Monday, August 29, 2011
A Wyoming High: Medicine Bow Peak and Sugar Loaf Mountain
Medicine Bow Pk 12013'
Sugarloaf Mtn 11398'
7.5 Mile loop (CW) from Lake Marie
~3.75hrs RT w/ Caleb
The border between Colorado and Wyoming is a fully human concept, set at the 41st parallel. Notwithstanding the Wind River Range, Tetons, and Bighorns in Northern Wyoming, most of Southern Wyoming generally gets the shaft in terms of terrific alpine scenery.

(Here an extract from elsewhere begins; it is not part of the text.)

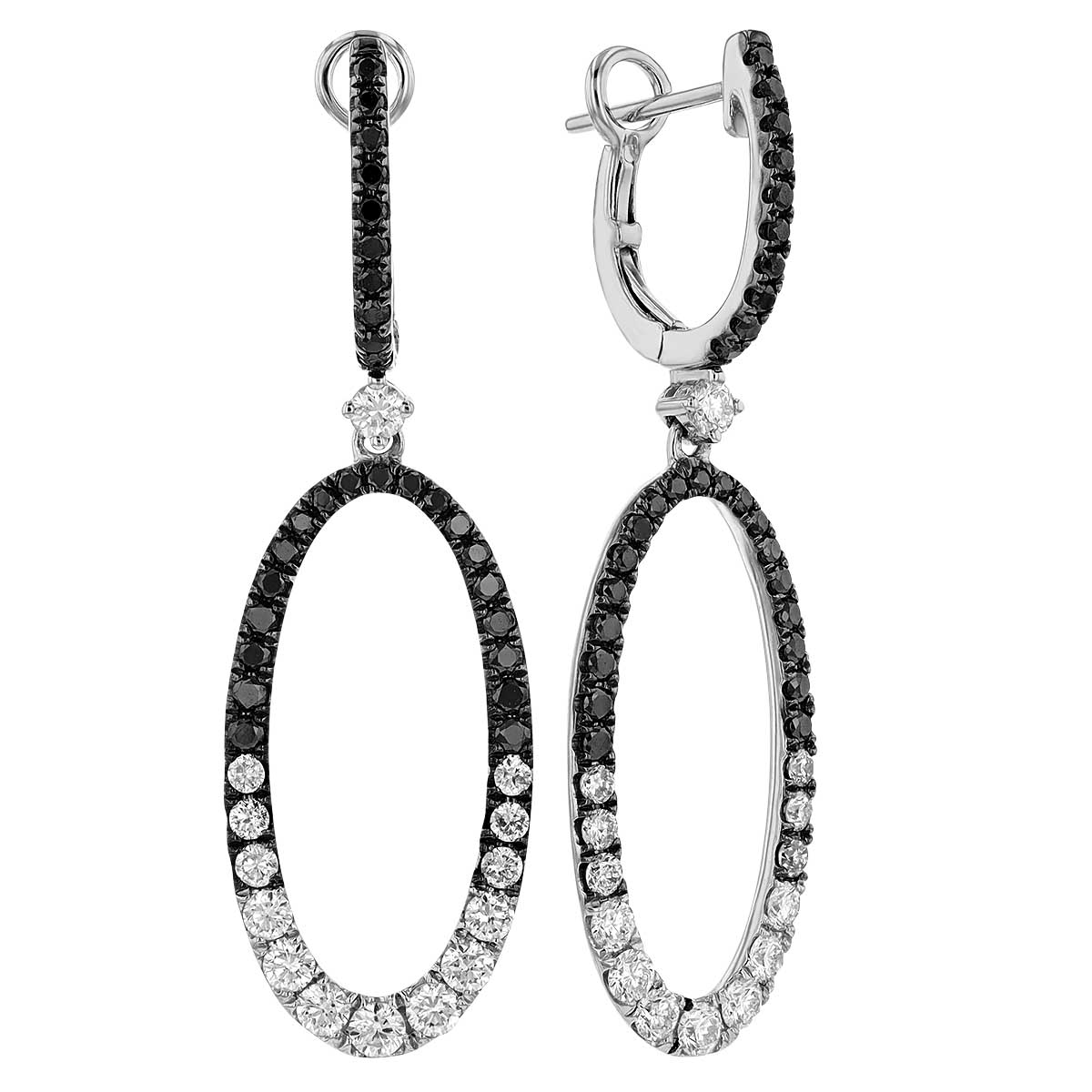 Frederic Sage Black & White Diamond Open Oval Huggie Dangle Earrings in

Except, that is, for the Medicine Bow Peak massif in the Snowy Range of Southern Wyoming. With trailheads above 10000 feet and just off of the paved Highway 130, Medicine Bow Peak is an instantly accessible alpine high.
And what a high indeed! Numerous well-stocked alpine lakes, streams, and giant granite boulders dot the landscape. Wildflowers burst with color, lupine and Columbines alike, the Colorado state flower itself knows no boundaries. And, this never gets too old: snowfields in August!
We strolled steadily up the back side of Medicine Bow Pk, taking our time getting distracted by the stone remains of a cabin, and heading off trail occasionally to peer over the edge to the lakes below. Solid cracks led up obvious climbing routes, and scrambled along some short sections.
The infamous Wyoming wind was not to be found on this glorious day, as we made our way to the summit, where we saw maybe 8 or so other people.
Obligatory summit shot:
Heading down off the mountain, on a loop to the east, leads to a trail that switchbacks and descends quickly, to a saddle with Sugarloaf Mountain. This lesser peak (labeled below from an earlier view) has an interesting enough prominence to make a short Class 2 scramble to the top worthwhile:
"Sugarloaf" is a name that refers to numerous mountains and hills around the world, from Brazil to Winona, Minnesota. This refers to the shape of a block of sugar, that used to have a long, conical shape for shipping and storage purposes.
When a person wanted a bit of sugar, he would simply cut a chunk off. Incidentally, the tool used for this is called "sugar nips."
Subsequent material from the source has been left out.